I am 32, through calorie counting, portion control and exercise I am able to remain slim and a good weight, but I know what what I'm eating is terrible and I'm setting myself up for problems in later life.
I have a serious sugar addiction which I need to kick. I don't eat proper meals, I'd love to eat 3 proper meals a day which fill me up, but I just graze all day. I'm ashamed of how I eat and need to change tomorrow.
I buy those 5-pack large cookies from supermarkets and eat 2 a day, usually when I get up. I have porridge for breakfast (with added sugary products)
I drink some water, not enough.
I'm addicted to diet fizzy drinks, I've stopped with diet coke/pepsi due to the concern around aspartame but I am addicted to lucozade zero pink lemonade and drink one most days.
Love Fanta zero, tango, appetizer etc. Also love milkshakes.
Lunch wise I can make it healthy, but I usually go for white bread and something with cheese. I don't like salads on their own as I find them boring (ridiculous I know).
I love burgers, chips, pizza, toasties, kebabs, anything like that. Love sausage and bacon sandwiches, pancakes and so on.
I can cook, I cook twice a week I'd say, I'm not somebody who cooks from scratch daily.
Love bags of sweets, cakes, chocolate bars.

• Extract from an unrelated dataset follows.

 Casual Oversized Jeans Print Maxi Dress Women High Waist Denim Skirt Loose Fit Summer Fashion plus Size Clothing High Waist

My only good point is that I don't drink any alcohol whatsoever, and have never smoked. I lead a healthy lifestyle apart from the diet.

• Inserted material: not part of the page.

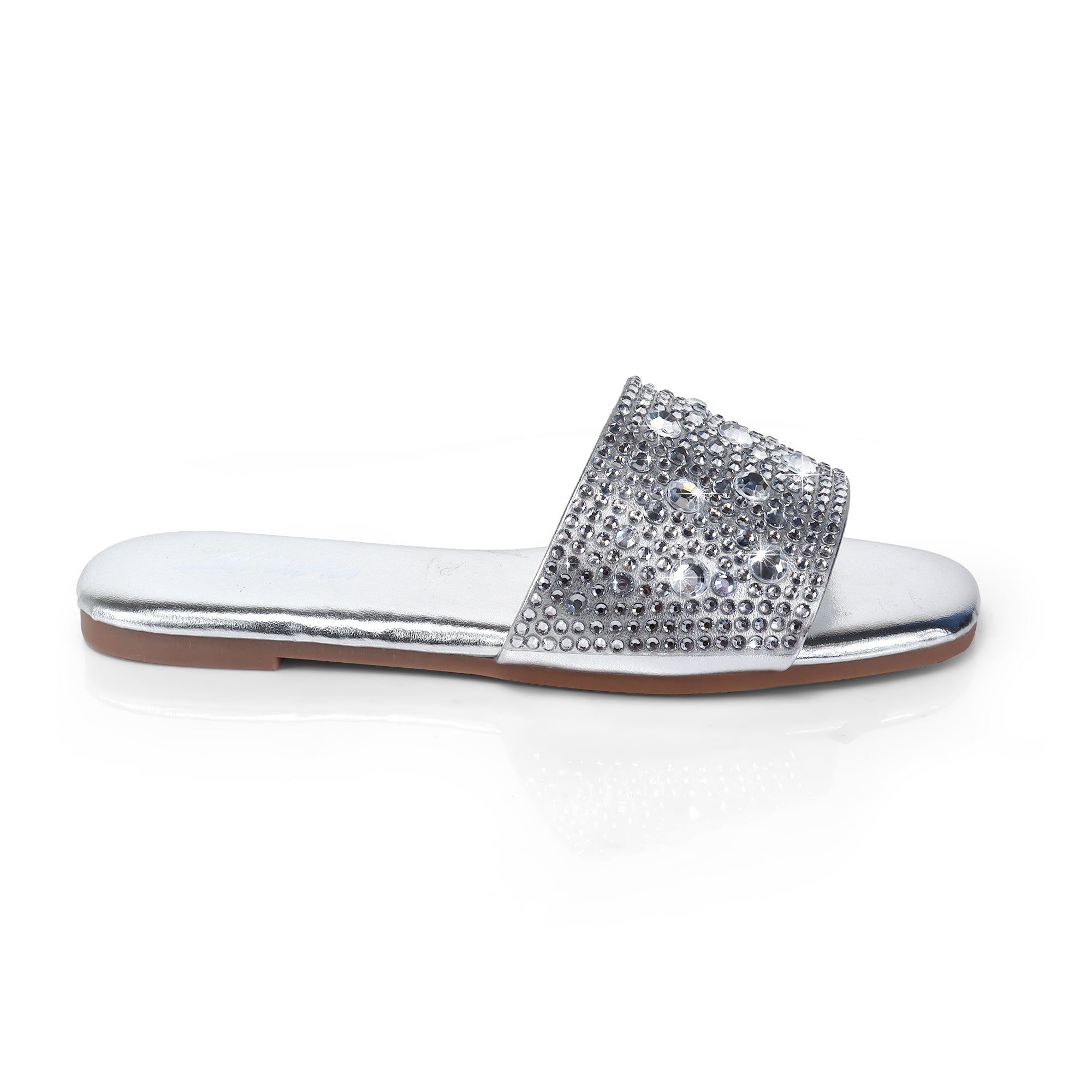 ZARYA-1 RHINESTONE SLIDE SILVER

I need to change tomorrow because I'm damaging my insides.
I don't eat proper meals, I use up most of my calories on biscuits and cakes so for tea tonight I've only had a frozen ice pop.
I eat around 2000 calories a day, more of I do a lot of exercise.
I need the willpower to stop this. I actually managed to cut sugar for 3 weeks last year, I saw a lot of benefits but couldn't maintain.
I know this is pathetic for a woman in her 30s. Appreciate any advice or anyone else who's having the same problem.